I never got that far. I ran into some problem (don't even remember what) with the prereqs and decided it wasn't worth my time. Odds are it was probably a pretty trivial obstacle.

Do I need to worry about loss of accuracy if I annotate using the --istartstop option? I assume if I am doing 500k at a time it should be fine, but thought I'd check.

psathyrella commented 5 years ago

It depends, but short answer is that 500k is vastly more than you need for most purposes.

This plot from the annotation paper gives a good idea, and it would say that the accuracy doesn't improve that much even beyond 5k:

p

That number (5k) is of course entirely dependent on the clonal structure of the sample -- your accuracy will still kind of suck with a million sequences if they're all from the same family -- but it should be roughly true. I can't believe I didn't put the info in this plot, but I think this was with an average of 5 seqs per family.

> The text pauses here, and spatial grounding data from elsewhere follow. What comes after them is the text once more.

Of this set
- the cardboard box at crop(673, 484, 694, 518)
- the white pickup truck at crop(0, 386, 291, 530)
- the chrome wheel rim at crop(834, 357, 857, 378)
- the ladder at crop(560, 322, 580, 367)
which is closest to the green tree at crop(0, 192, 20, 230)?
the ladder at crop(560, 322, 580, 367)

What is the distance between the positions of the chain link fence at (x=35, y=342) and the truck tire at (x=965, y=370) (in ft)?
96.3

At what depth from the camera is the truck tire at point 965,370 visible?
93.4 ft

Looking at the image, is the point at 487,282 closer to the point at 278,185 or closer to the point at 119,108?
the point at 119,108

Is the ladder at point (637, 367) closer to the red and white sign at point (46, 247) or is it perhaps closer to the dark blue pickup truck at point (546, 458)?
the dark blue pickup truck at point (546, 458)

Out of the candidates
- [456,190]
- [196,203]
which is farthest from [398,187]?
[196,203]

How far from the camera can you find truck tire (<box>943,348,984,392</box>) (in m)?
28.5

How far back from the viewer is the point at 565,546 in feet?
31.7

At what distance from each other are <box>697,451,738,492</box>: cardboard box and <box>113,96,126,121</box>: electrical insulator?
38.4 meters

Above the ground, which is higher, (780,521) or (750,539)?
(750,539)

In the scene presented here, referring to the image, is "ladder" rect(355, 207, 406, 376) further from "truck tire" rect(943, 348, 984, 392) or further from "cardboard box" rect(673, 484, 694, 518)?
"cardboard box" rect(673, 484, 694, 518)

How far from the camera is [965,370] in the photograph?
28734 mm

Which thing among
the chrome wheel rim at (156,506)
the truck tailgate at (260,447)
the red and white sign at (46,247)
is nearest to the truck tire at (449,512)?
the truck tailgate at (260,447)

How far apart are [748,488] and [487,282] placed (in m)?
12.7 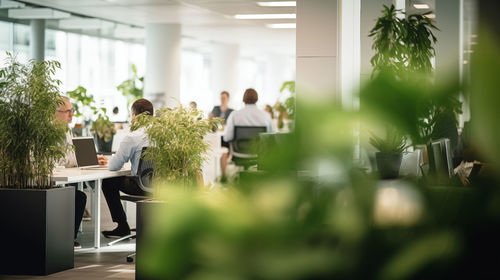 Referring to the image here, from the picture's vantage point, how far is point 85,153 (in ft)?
20.9

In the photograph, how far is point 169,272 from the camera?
16.6 inches

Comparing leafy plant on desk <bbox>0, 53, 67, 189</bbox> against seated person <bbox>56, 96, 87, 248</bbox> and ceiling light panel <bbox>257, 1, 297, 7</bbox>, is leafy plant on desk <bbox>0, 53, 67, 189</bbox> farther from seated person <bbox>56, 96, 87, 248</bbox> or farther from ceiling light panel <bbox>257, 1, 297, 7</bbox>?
ceiling light panel <bbox>257, 1, 297, 7</bbox>

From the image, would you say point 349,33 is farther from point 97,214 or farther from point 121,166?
point 97,214

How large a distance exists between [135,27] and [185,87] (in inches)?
254

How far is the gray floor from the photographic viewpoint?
16.3 feet

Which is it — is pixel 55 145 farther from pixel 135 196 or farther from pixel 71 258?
pixel 135 196

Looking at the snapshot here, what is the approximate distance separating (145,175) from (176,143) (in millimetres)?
1129

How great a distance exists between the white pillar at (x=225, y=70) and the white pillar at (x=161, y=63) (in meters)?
6.51

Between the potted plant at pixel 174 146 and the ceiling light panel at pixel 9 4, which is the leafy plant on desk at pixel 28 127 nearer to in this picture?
the potted plant at pixel 174 146

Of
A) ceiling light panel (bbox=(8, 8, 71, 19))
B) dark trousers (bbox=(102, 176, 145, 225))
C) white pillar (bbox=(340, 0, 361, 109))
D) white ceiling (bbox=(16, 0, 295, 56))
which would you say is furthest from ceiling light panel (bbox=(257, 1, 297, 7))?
dark trousers (bbox=(102, 176, 145, 225))

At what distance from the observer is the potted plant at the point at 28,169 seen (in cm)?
484

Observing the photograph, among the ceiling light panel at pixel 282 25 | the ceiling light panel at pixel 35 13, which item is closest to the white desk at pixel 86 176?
the ceiling light panel at pixel 35 13

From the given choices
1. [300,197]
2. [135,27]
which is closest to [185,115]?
[300,197]

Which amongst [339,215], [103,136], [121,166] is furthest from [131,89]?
[339,215] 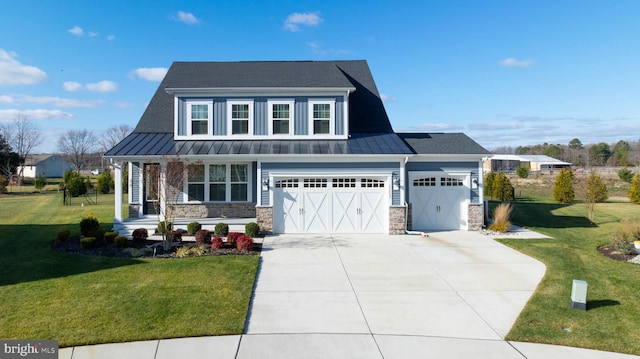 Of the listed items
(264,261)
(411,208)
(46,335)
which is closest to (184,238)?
(264,261)

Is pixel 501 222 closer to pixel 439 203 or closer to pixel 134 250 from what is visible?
pixel 439 203

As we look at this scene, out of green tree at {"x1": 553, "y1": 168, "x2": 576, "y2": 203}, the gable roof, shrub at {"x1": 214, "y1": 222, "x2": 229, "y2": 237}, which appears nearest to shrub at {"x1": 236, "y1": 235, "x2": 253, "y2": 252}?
shrub at {"x1": 214, "y1": 222, "x2": 229, "y2": 237}

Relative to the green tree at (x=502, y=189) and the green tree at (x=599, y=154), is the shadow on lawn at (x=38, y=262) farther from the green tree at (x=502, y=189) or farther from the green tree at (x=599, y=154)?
the green tree at (x=599, y=154)

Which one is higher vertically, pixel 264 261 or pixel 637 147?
pixel 637 147

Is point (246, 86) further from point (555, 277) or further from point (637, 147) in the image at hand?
point (637, 147)

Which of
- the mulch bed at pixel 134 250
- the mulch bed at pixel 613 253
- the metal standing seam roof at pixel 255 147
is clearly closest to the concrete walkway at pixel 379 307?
the mulch bed at pixel 134 250

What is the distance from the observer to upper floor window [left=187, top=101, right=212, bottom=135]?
17047 millimetres

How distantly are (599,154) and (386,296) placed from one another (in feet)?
303

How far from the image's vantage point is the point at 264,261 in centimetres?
1116

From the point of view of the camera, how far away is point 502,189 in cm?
2697

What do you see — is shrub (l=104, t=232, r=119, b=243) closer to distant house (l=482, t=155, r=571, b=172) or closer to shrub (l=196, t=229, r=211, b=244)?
shrub (l=196, t=229, r=211, b=244)

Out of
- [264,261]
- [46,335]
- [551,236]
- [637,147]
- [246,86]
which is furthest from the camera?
[637,147]

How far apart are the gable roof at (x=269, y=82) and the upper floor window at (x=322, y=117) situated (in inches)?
34.9

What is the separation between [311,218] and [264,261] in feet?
15.6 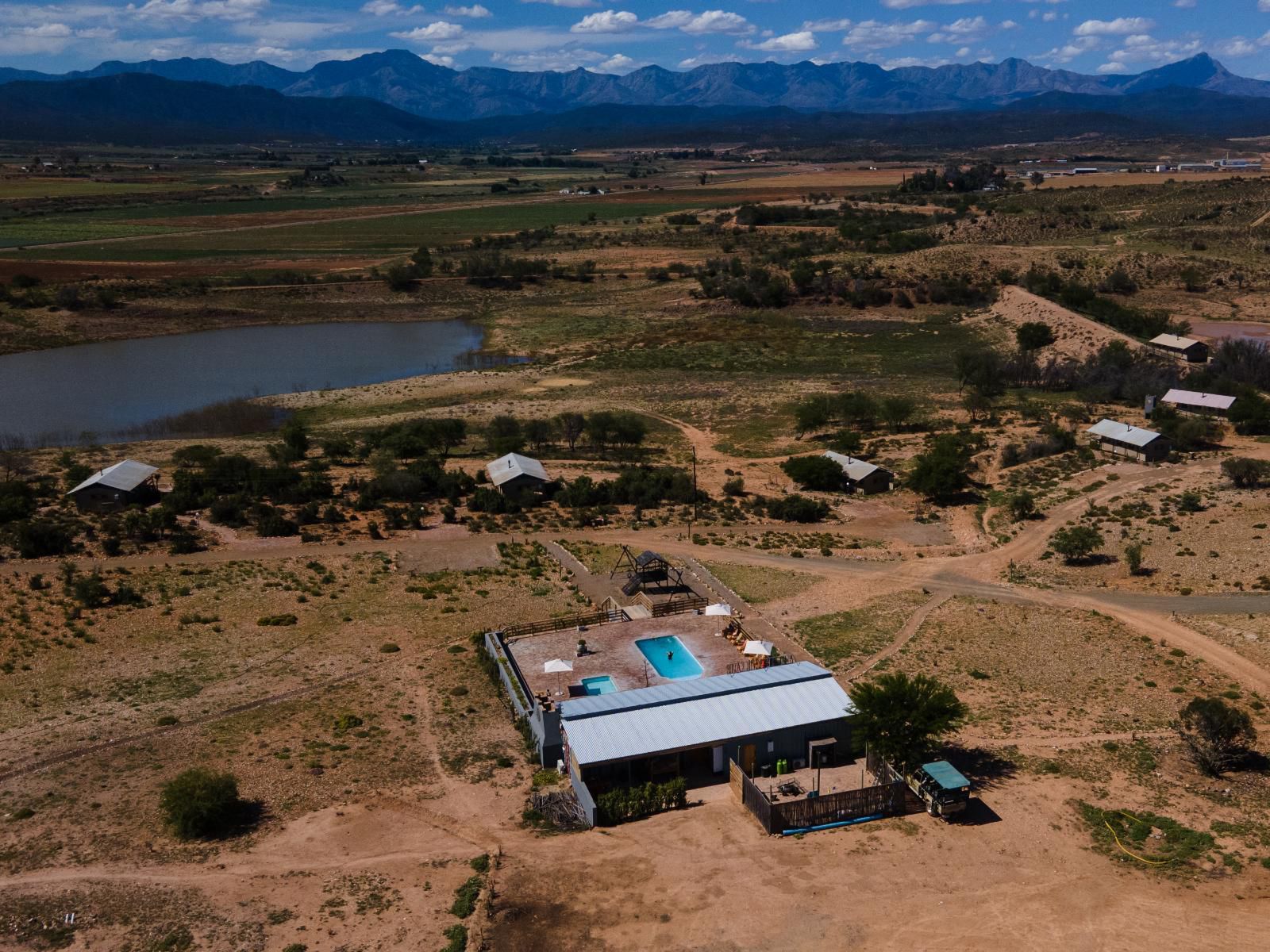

Germline inference (which we didn't have when we made this plot) is necessary to squeeze out the last few bases of naive accuracy within the V, and for that, much higher sample sizes than 5k are needed. That depends on the clonal structure and also on the SHM rate, the latter because it's only the first few bins (0-5 mutations in V) in the mutation accumulation plot that give you sensitivity to most alleles. 500k is still an extremely large sample in most cases (as long as it's not super clonal), so it should be fine. Running on several different subsets with --istartstop would tell you how much difference it's making, of course.